SEC proposes regulations aimed at cracking down on ESG greenwashing
New federal rules released Wednesday could help ensure that investment funds labeled as environment, social and governance (ESG) actually deserve the name — and the high fees they command.
The Security and Exchange Commission (SEC) proposed a new regulation to combat the practice of “greenwashing,” the misleading marketing of unsustainable investments under the ESG label.
If adopted, the measure would require funds marketing themselves as ESG-focused to disclose additional information to investors.
Different categories of funds would be required to report varied information. Those that are focused on considering environmental factors would be required to share the climate contributions associated with their investments and those that claim to have certain impacts would need to summarize their progress.

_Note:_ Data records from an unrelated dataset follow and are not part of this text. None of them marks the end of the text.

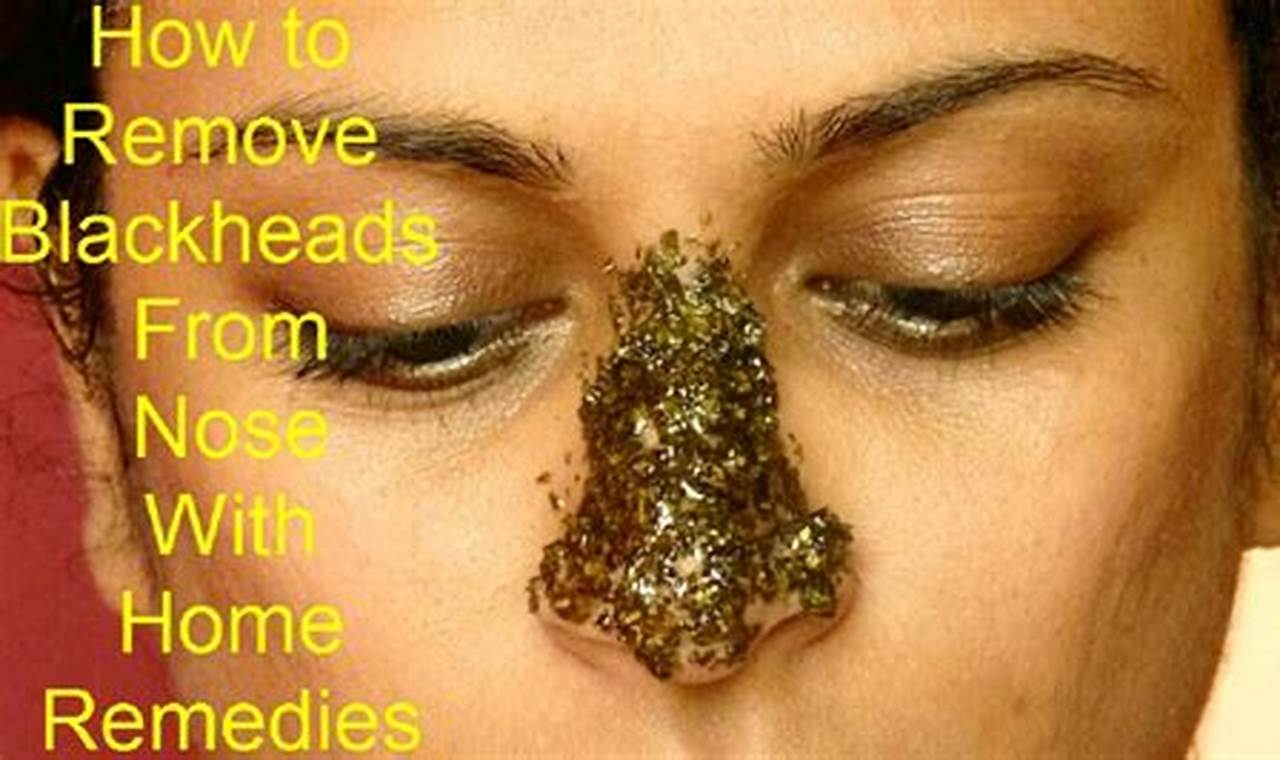 How To Remove Blackheads At Home Suyash Fashion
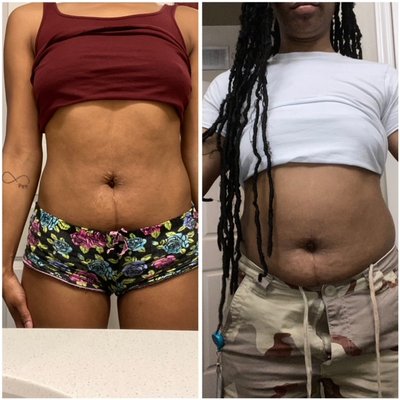 Results! (before and after) - Coach Hope serves women and men 50 and over by helping reverse aging, break generational health through self-care to get you off medication, improve overall health, and get you FIT and FABULOUS at an Age
WHOLE FOOD DIET + EXERCISE + MEDITATION = HEALTHY HEART & MIND
I will educate you on the concept of L. E. A.N. by guiding you through:
How to Live? Lifestyle
How to Move? Exercise
How to Think? Attitude
How to Eat? Nutrition Results! (before and after) - Coach Hope serves women and men 50 and over by helping reverse aging, break generational health through self-care to get you off medication, improve overall health, and get you FIT and FABULOUS at an Age
WHOLE FOOD DIET + EXERCISE + MEDITATION = HEALTHY HEART & MIND
I will educate you on the concept of L. E. A.N. by guiding you through:
How to Live? Lifestyle
How to Move? Exercise
How to Think? Attitude
How to Eat? Nutrition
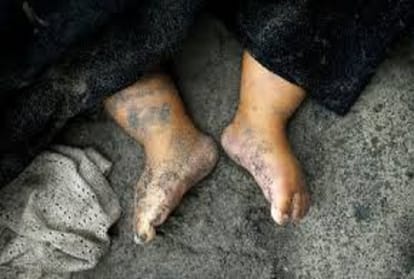 rajasthan ganganagar dead body of children missing in large number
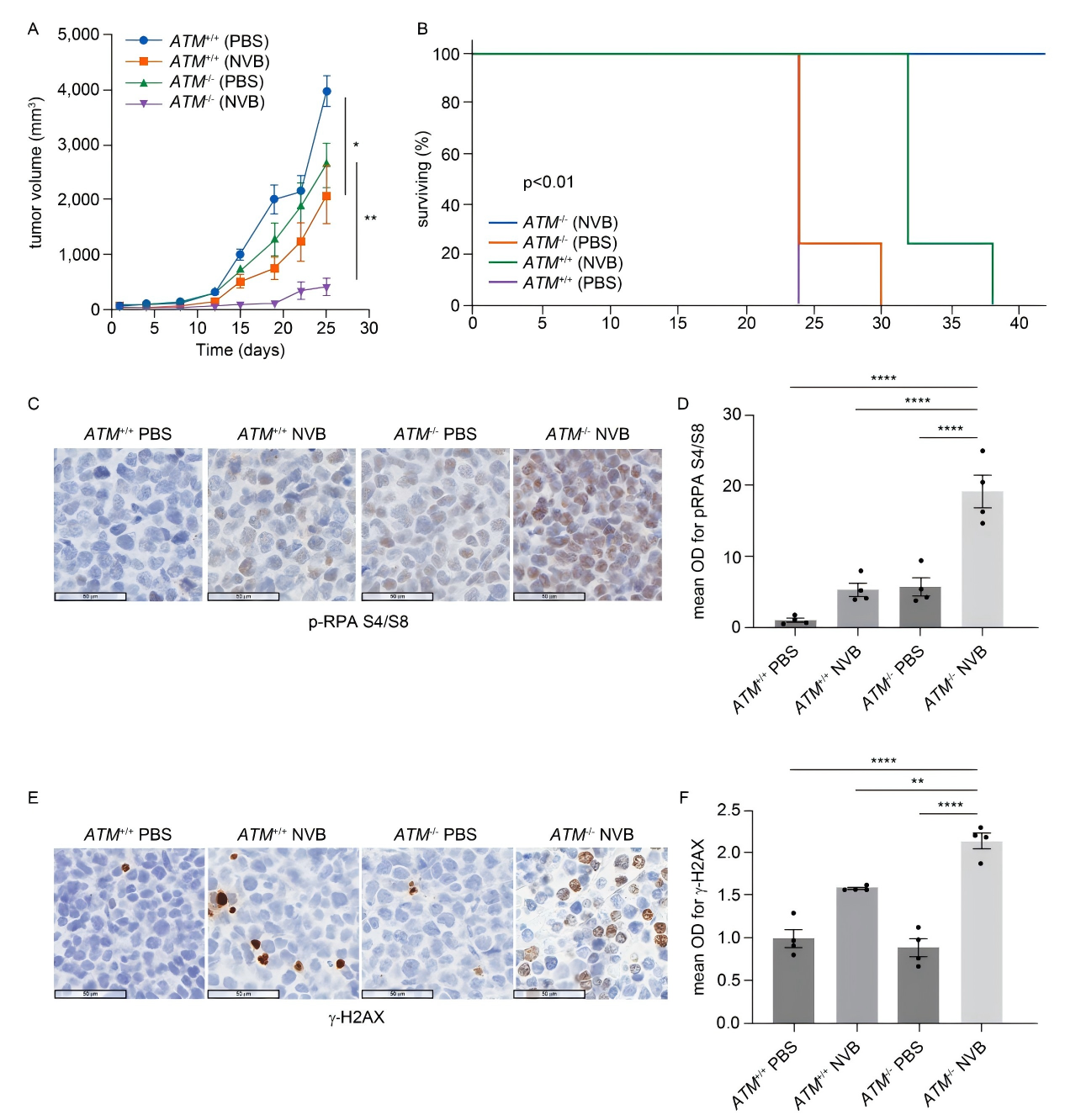 POLθ抑制在体内MCL模型中的抗肿瘤作用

“The lack of specific disclosure requirements tailored to ESG investing creates the risk that funds and advisers marketing such strategies may exaggerate their ESG practices or the extent to which their investment products or services take into account ESG factors,” it said.
A related rule, also introduced Wednesday, would require any fund that labeled itself as ESG-focused to put at least 80 percent of its money into such investments.
“ESG encompasses a wide variety of investments and strategies. I think investors should be able to drill down to see what’s under the hood of these strategies,” SEC Chair Gary Gensler said in the statement.
Large asset managers, who often struggle to identify which investments are truly green, applauded the measure.
“Brokers, advisors, and investors must have clarity,” CEO Chris Iacovella of the American Securities Association, which represents large asset managers, said in a statement.
So did civil society groups such as Public Citizen, which have long pushed for more regulation of sustainable finance.
“In the current marketplace, retail investors don’t have a clear picture of what it means to invest in a fund whose marketing says it’s ‘sustainable,’ ‘green,’ or ‘ESG,’” said Public Citizen democracy advocate Rachel Curley in a statement.
“The SEC’s new rules will help retirement savers understand what is in their portfolios and whether their investments will help them achieve their long-term financial and ethical goals,” Curley added.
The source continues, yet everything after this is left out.